CERIAS provides information security consulting support to the NPDN. Since January 2004, site security assessments, system administrator training, and diagnostician security awareness efforts have been performed. Based on these efforts, the USDA provided funds specifically for additional information security projects throughout the regional centers. These funds were used to create an information security training and awareness web site for all members of the NPDN as well as a network of automated vulnerability scanning systems deployed at most of the regional centers.
Security Issues for Indiana GIS Data
The State of Indiana is the repository for (and collector of) a significant amount of spatial data. There is a growing need for well-articulated government policy about the public release of such data as a method for communicating government data and information.

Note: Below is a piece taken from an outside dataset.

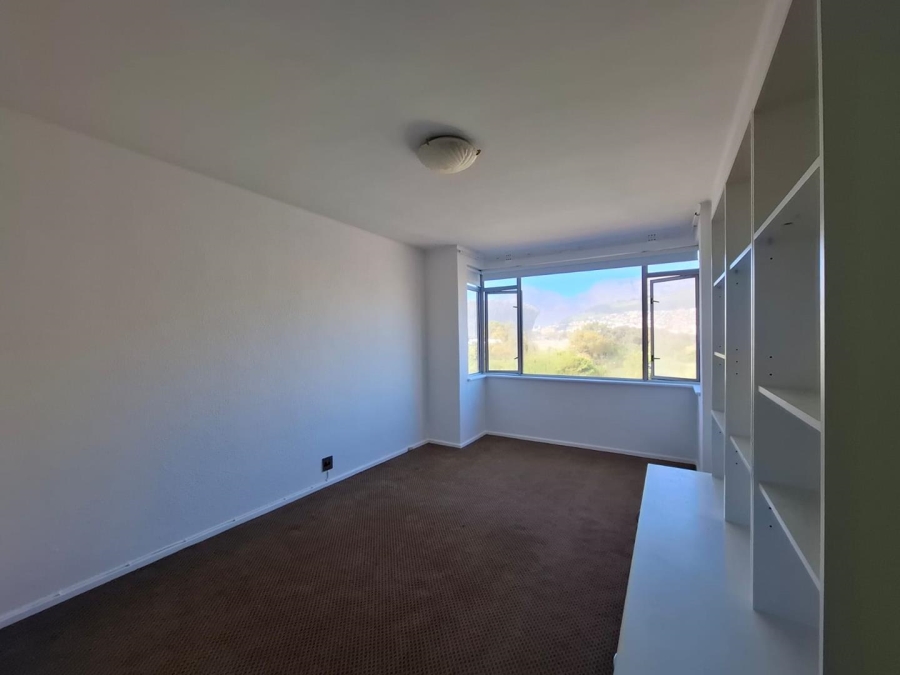 1 Bedroom Property for Sale in Mouille Point Western Cape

Much of the related discussion to-date has focused on the data at the individual layer level and whether the data should be sold or not. Additional discussion should be focused on the protection of personal identifiers contained in such data and the potential for exposing both Indiana citizens and corporations to privacy violations. Purdue proposes a study of the services provided by the use of spatial data and, in particular, of the security implications when multiple data layers are joined as a method for advanced communication of geospatial data. This study will lead to policy recommendations for the State of Indiana that will promote the appropriate balance between public information benefits and personal privacy risks. It will also advance the state of the art and practice of information security in general.